Seja qual for o motivo, eles passaram o ano comendo os trabalhadores da ferrovia. Eram leões gigantescos, maiores do que o normal, com três metros de comprimento. Leões sem juba, ao contrário do que mostra o filme. E o mais estranho: agiam coordenadamente, atacando em dupla, sempre à noite, arrastando os homens para uma caverna e só então jantando-os.
Sombra e Escuridão se repimparam com dezenas de pessoas. Há quem diga que foram 140 mortos. Os quenianos juravam que eram demônios e, desesperados, interromperam o trabalho. Aí entrou em ação o coronel John Patterson, interpretado por Val Kilmer no filme. Ele era um daqueles britânicos valentes do século 19.

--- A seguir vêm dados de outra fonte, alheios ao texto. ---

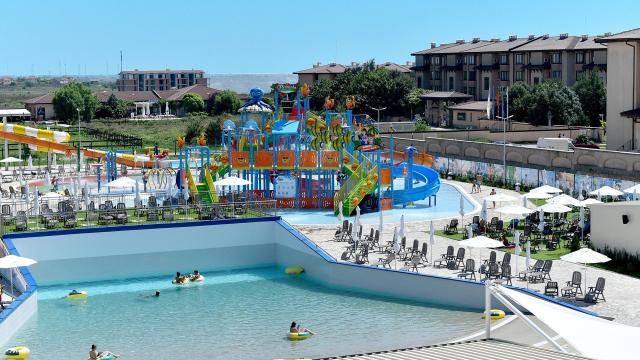 Topola Skies Resort & Aquapark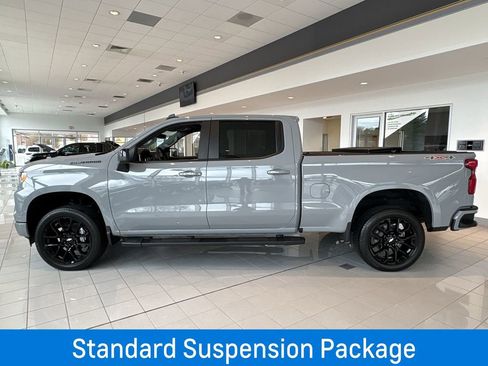 New 2025 Chevrolet Silverado 1500 RST image 5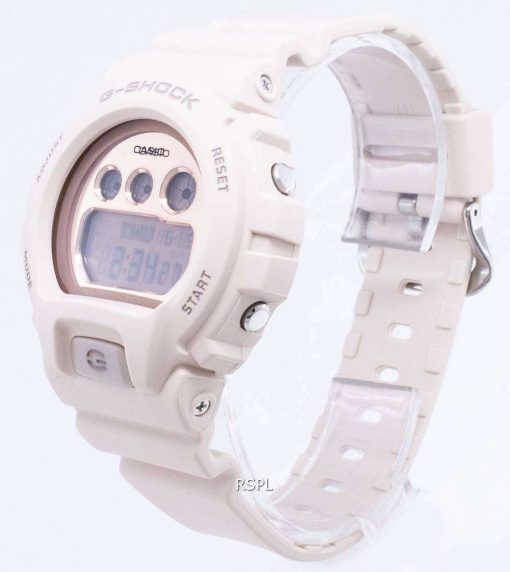 カシオ G-ショック GMD S6900MC 4 GMDS6900MC 4 デジタル 200 M 女性の腕時計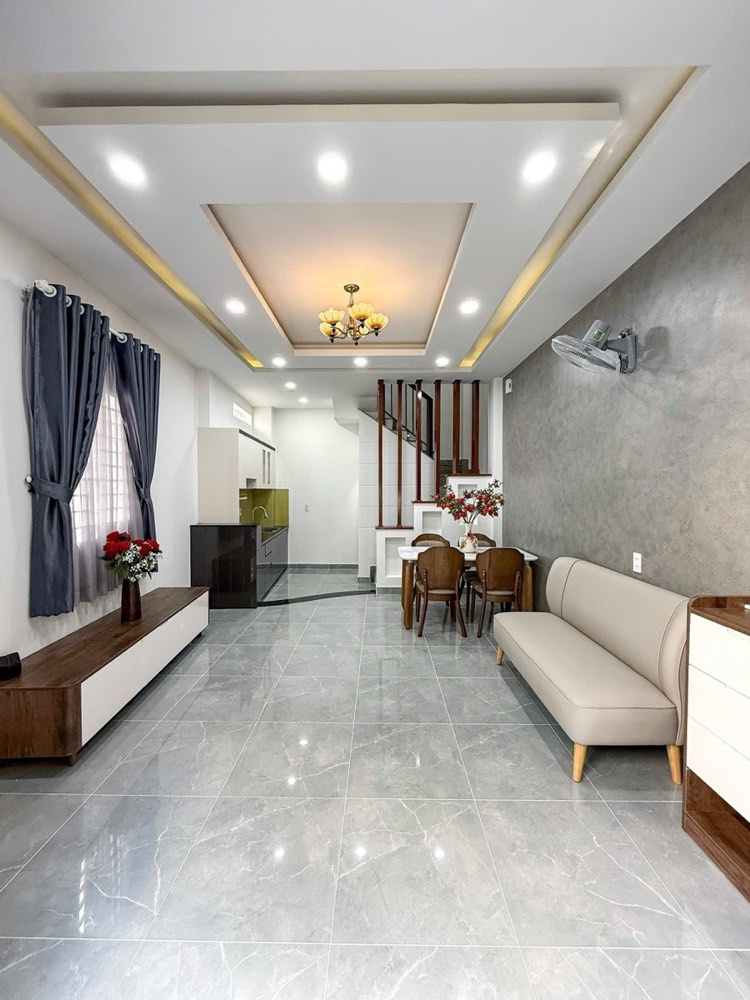 Bán nhà hẻm 419 Phan Xích Long, Phú Nhuận - ảnh 7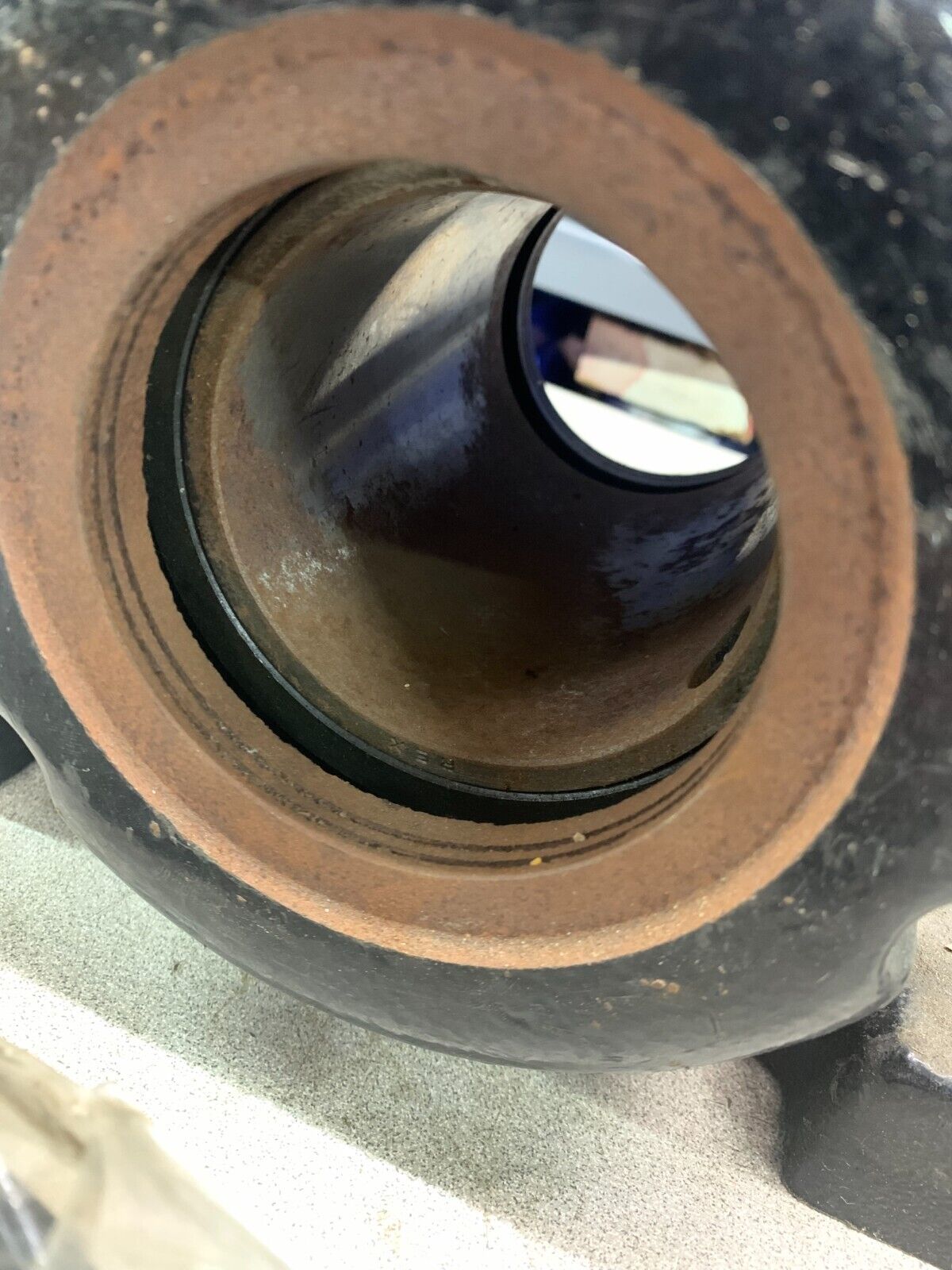 NEW NO BOX REXNORD PILLOW BLOCK BEARING 2-15/16 BORE AMP-5215F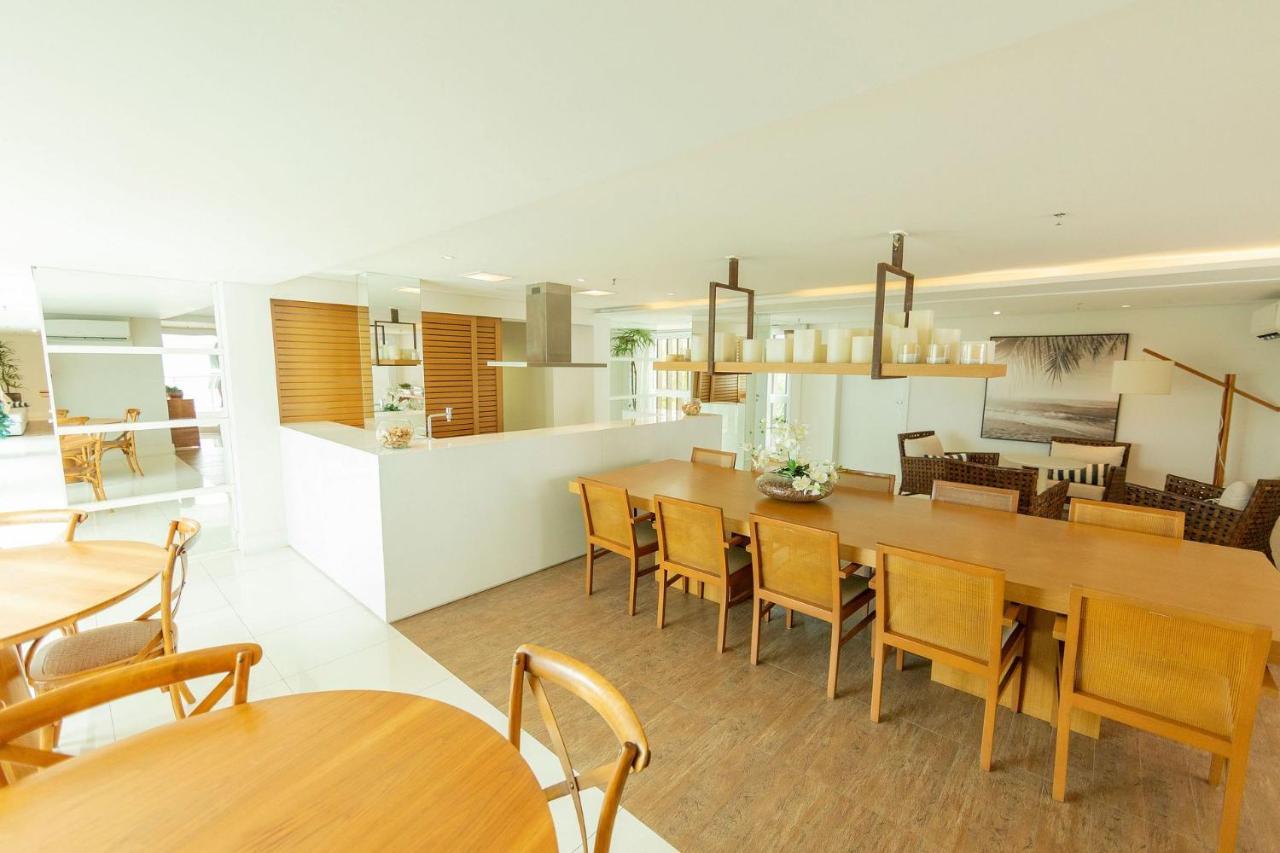 In Mare #151 - Apto De 2 Quartos By Carpediem Apartment Parnamirim Bagian luar foto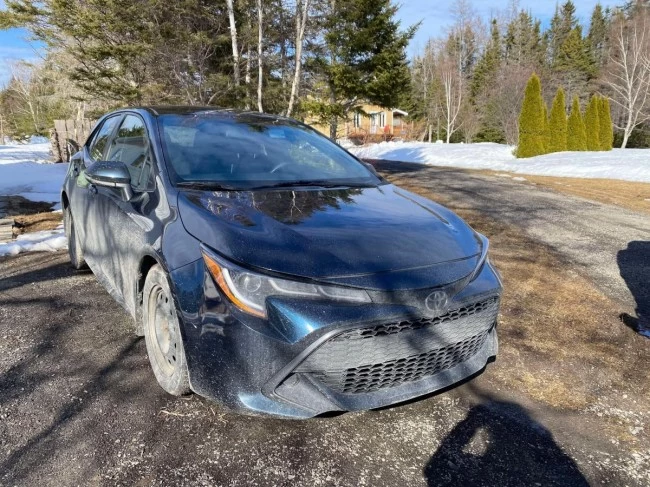 Toyota Corolla - 2019
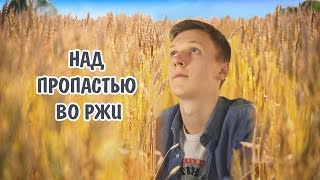 Краткий обзор книги quotНад пропастью во ржиquot Джерома Селинджера [upl. by Yttiy479]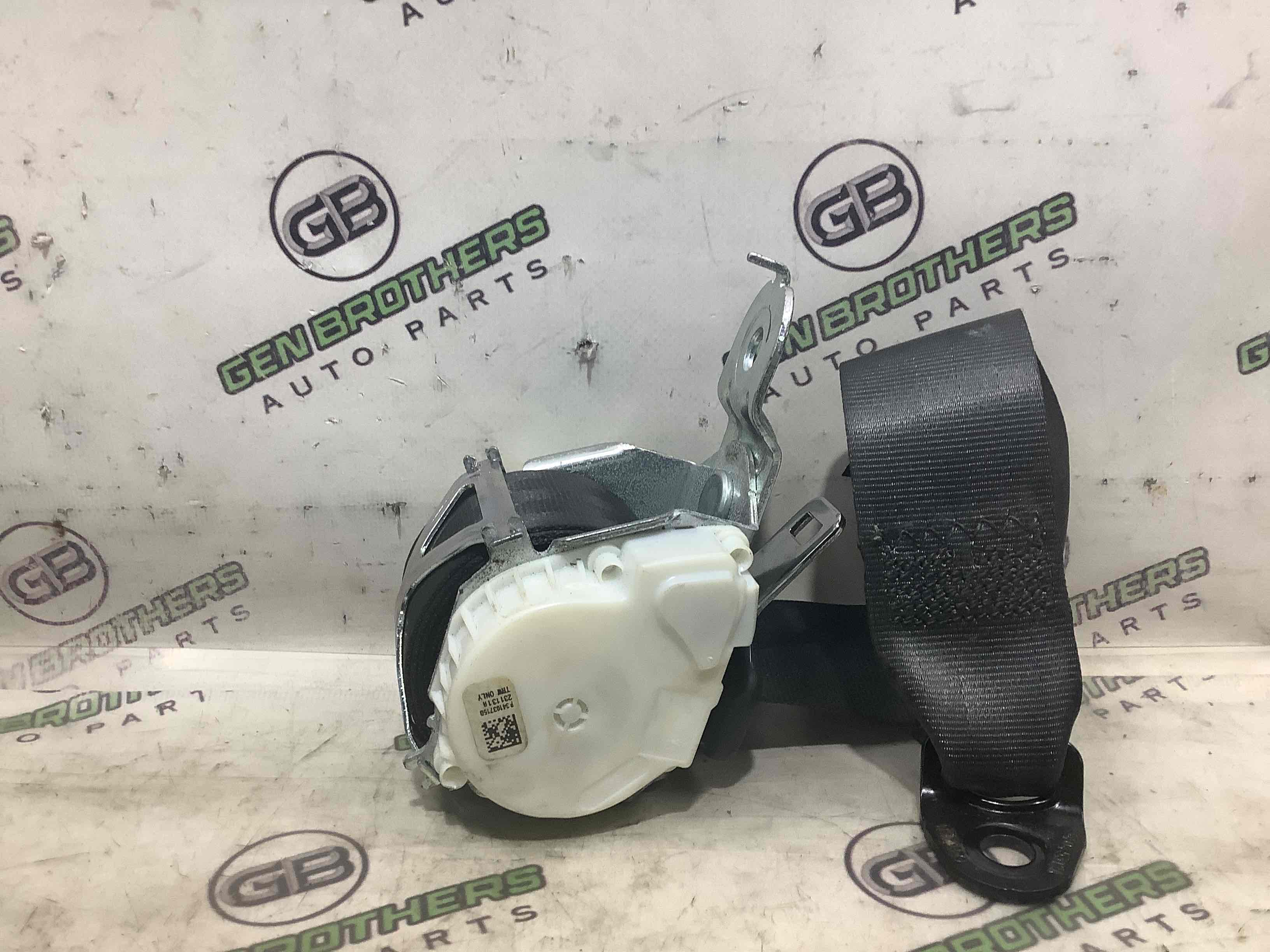 Ремінь безпеки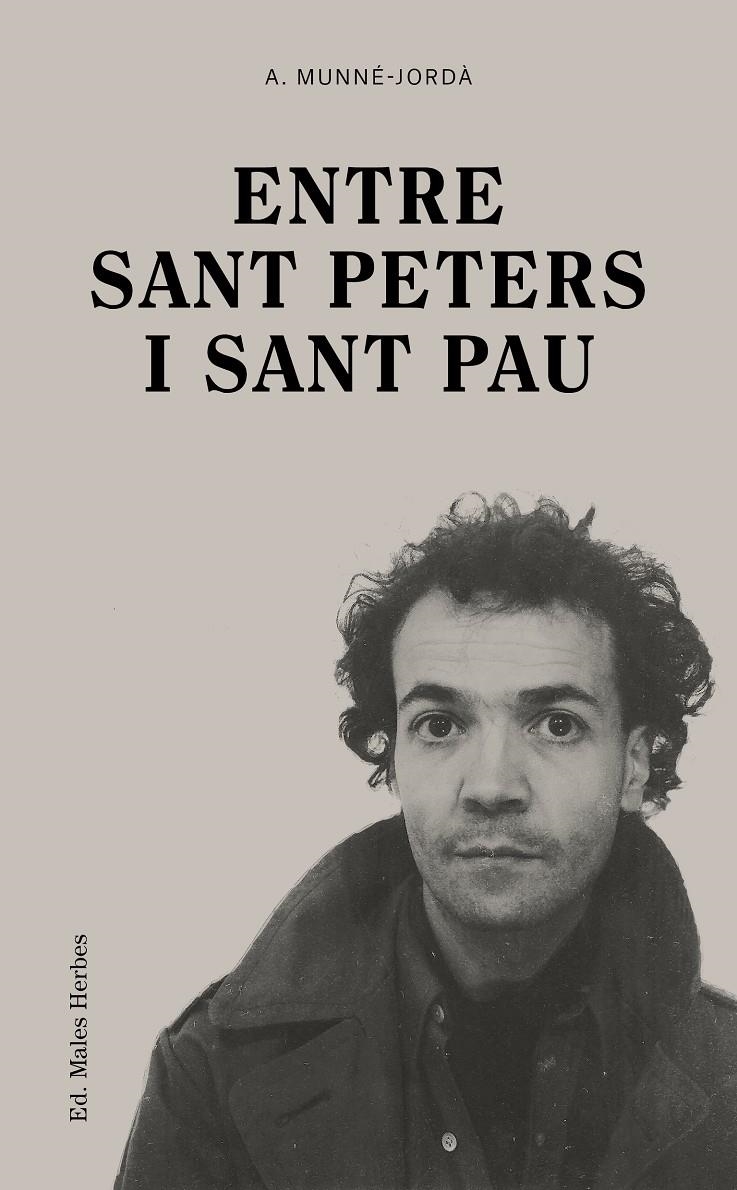 Entre Sant Peters i Sant Pau | Munné-Jordà, Antoni | Cooperativa autogestionària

Depois de inúmeras tentativas e de quase servir de repasto de leão, desferiu um certeiro tiro de rifle num dos integrantes da dupla e o matou, no dia 9 de dezembro. No fim do ano, matou o outro membro do par. Concluiu a ferrovia em três meses, escreveu livro a respeito, tornou-se herói dos britânicos e dos africanos. Não meu. Eu, aqui, prefiro a Sombra e a Escuridão.
Joanesburgo
Em Joanesburgo, os brancos sentem medo dos negros, e os negros sentem medo dos nigerianos. O medo dos brancos pode ser resumido pela história da Noite da Faca. Que é a seguinte: quando o nonagenário Nelson Mandela morrer, os negros sairão às ruas para enfim se vingar pelos anos de apartheid. Todos eles estarão armados de facas, cutelos, punhais e adagas. Quando encontrarem um branco, qualquer branco, conhecido ou desconhecido, irão retalhá-lo como se fosse um boi de açougue. Terrível.
Já os negros sul-africanos sentem medo dos nigerianos porque as gangues mais perigosas do país são formadas por eles. A Nigéria fica tão distante da África do Sul quanto o Quênia, só que o Quênia está a leste e a Nigéria a oeste do continente. Muitos dos nigerianos são da etnia dos ibos.
Esses ibos uma vez fundaram o estado de Biafra, que, aliás, também é nome daquele sujeito que cantava “voar, voar, subir, subir.” Outra etnia forte da Nigéria é a dos iorubás, os mesmos que vieram (à força, evidentemente) para a Bahia.
É fácil identificar um nigeriano em Joanesburgo. Eles são altos, usam colares e adereços brilhantes, estão debaixo de grandes chapéus e se reúnem em grupos nas esquinas. Ficam observando prováveis vítimas. O maior medo de uma mulher africana é ser sequestrada por uma gangue de nigerianos. Eles capturam uma mulher na sexta, ocupam-se dela no sábado e no domingo, e, na segunda, ou a executam ou a soltam contaminada por HIV.
Joanesburgo é uma cidade dura. Melhor visitar outros lugares da África do Sul.